> **ACTIVITY**: Below this line are records; write out exactly the lines from the one containing "Matsuya 사진 5" through the one containing "Tenga - Egg Clicker (6 Pieces)", with the pictures left out.

Image-text web data
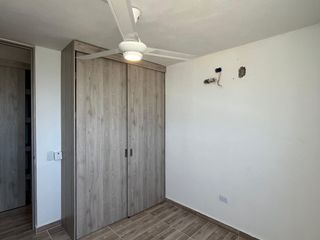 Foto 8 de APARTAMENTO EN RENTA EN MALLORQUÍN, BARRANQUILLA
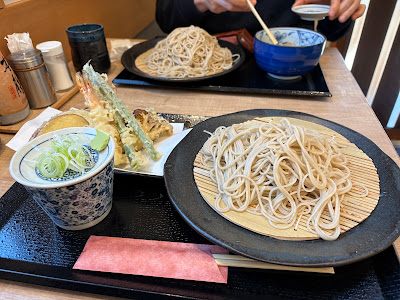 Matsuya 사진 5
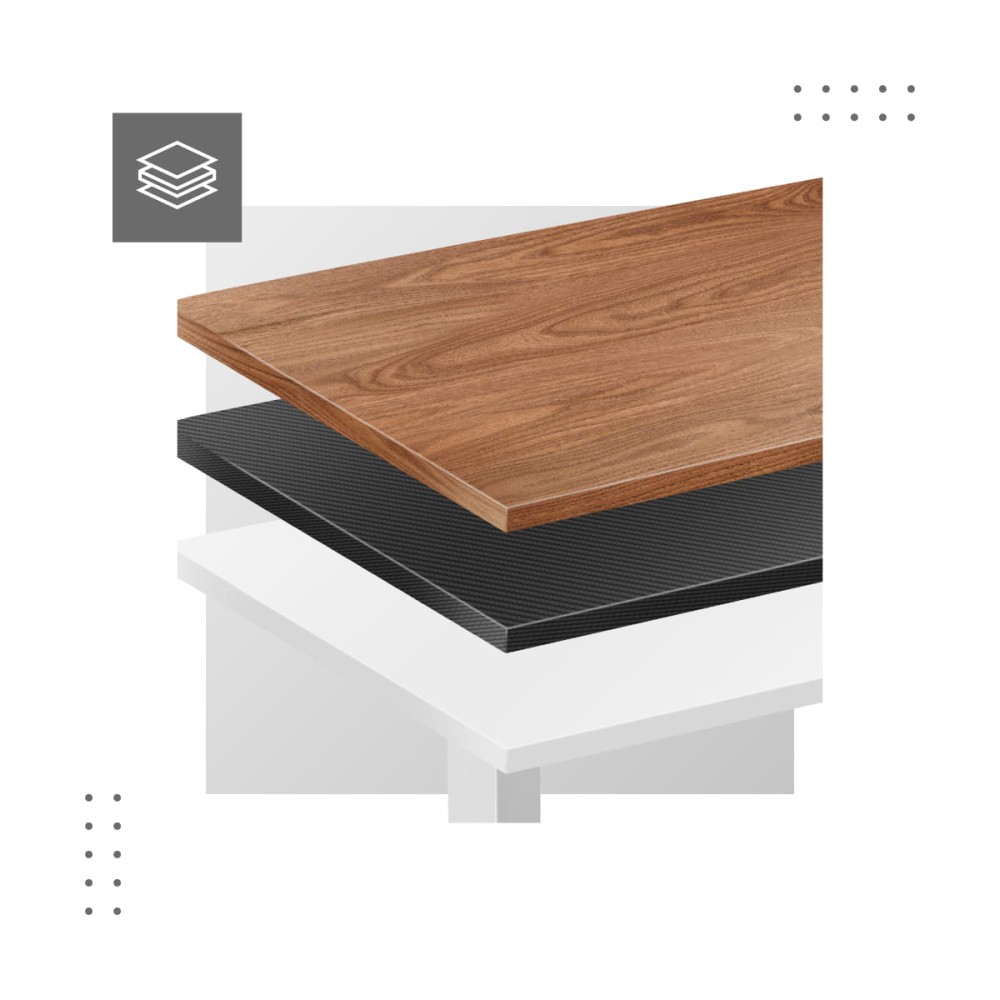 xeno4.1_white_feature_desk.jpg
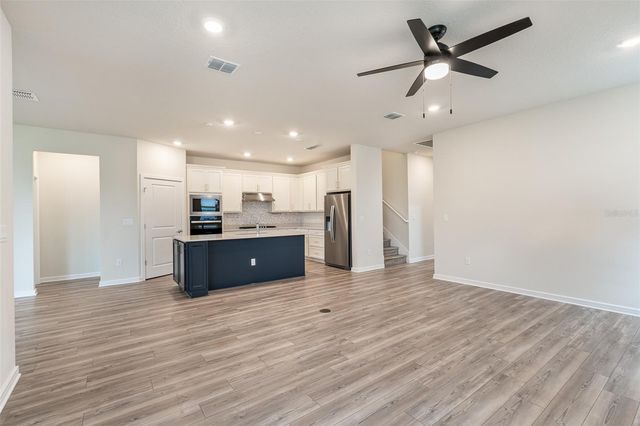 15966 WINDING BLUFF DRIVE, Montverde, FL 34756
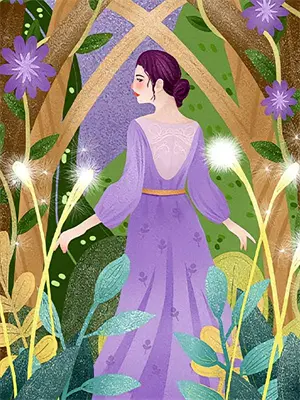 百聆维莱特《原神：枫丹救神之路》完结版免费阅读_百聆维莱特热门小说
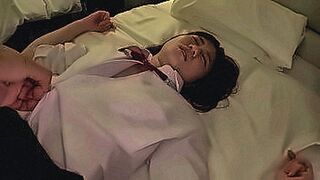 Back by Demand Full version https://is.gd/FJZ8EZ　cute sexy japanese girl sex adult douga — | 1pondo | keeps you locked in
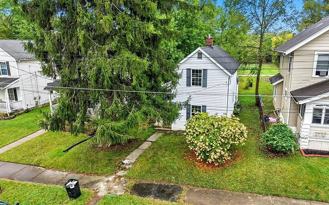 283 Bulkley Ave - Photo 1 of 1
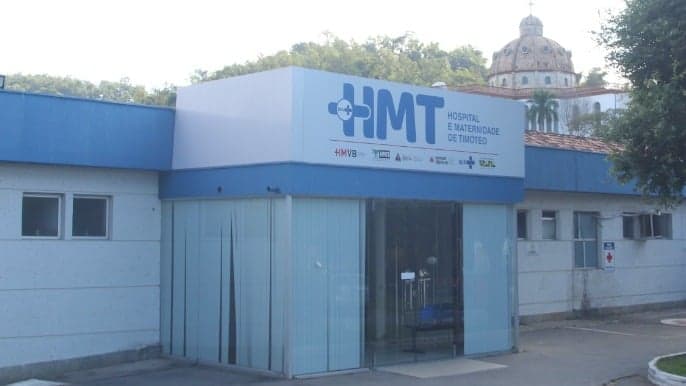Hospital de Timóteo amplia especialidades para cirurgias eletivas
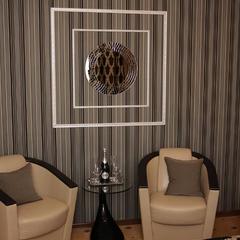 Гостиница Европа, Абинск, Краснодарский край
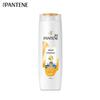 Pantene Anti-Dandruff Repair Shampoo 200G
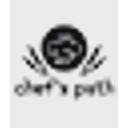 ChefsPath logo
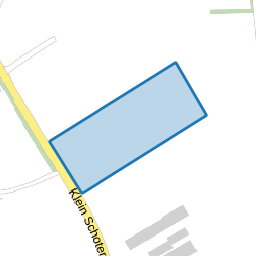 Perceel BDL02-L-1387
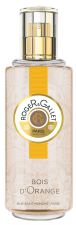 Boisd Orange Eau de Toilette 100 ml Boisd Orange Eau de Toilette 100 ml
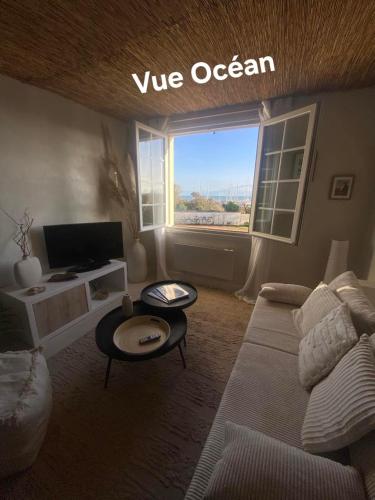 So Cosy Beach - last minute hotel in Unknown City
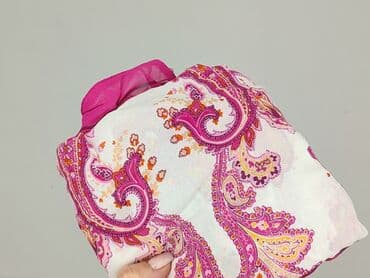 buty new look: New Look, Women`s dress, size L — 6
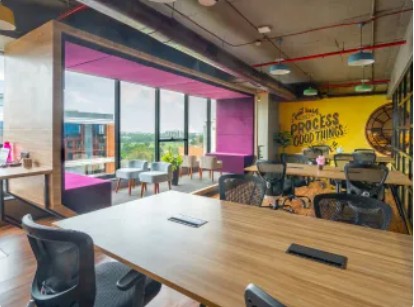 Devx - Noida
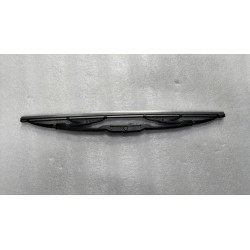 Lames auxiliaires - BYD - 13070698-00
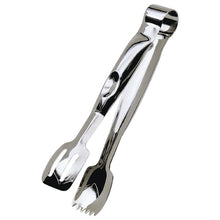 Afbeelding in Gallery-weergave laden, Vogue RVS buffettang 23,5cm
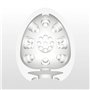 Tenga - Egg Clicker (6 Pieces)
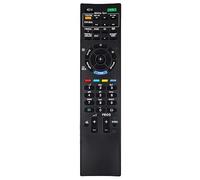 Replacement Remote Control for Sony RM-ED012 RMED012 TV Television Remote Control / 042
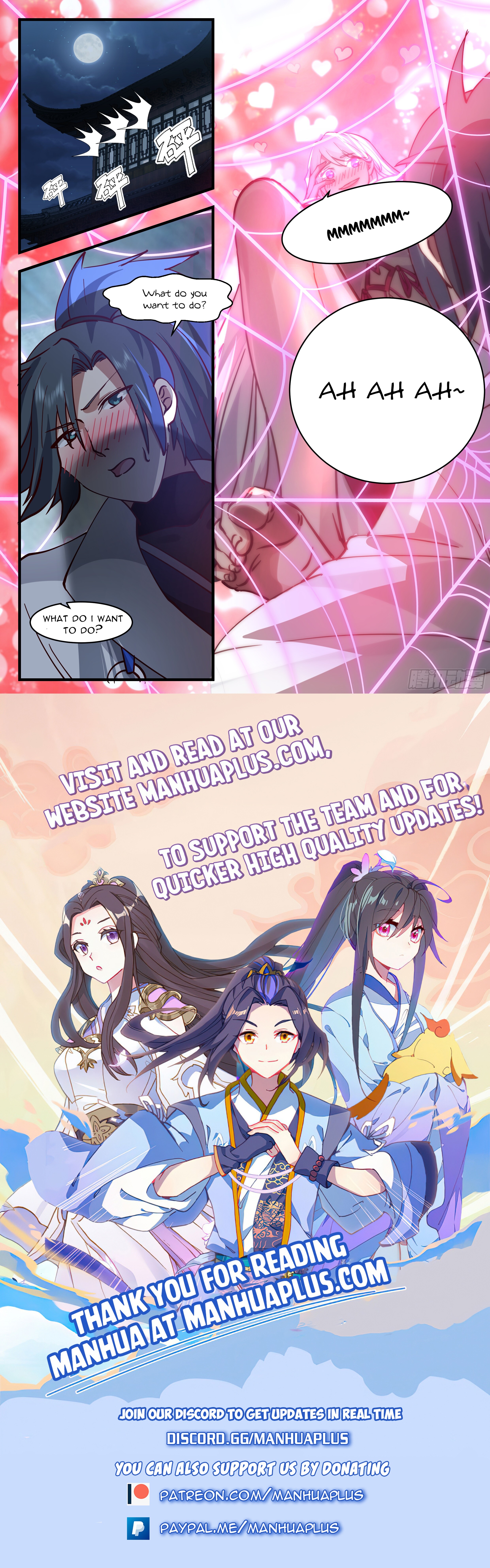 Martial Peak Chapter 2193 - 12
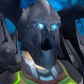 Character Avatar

> **SOLUTION FOR THIS EXERCISE**:
 Matsuya 사진 5
 xeno4.1_white_feature_desk.jpg
 15966 WINDING BLUFF DRIVE, Montverde, FL 34756
 百聆维莱特《原神：枫丹救神之路》完结版免费阅读_百聆维莱特热门小说
 Back by Demand Full version https://is.gd/FJZ8EZ　cute sexy japanese girl sex adult douga — | 1pondo | keeps you locked in
 283 Bulkley Ave - Photo 1 of 1
Hospital de Timóteo amplia especialidades para cirurgias eletivas
 Гостиница Европа, Абинск, Краснодарский край
 Pantene Anti-Dandruff Repair Shampoo 200G
 ChefsPath logo
 Perceel BDL02-L-1387
 Boisd Orange Eau de Toilette 100 ml Boisd Orange Eau de Toilette 100 ml
 So Cosy Beach - last minute hotel in Unknown City
 buty new look: New Look, Women`s dress, size L — 6
 Devx - Noida
 Lames auxiliaires - BYD - 13070698-00
 Afbeelding in Gallery-weergave laden, Vogue RVS buffettang 23,5cm
 Tenga - Egg Clicker (6 Pieces)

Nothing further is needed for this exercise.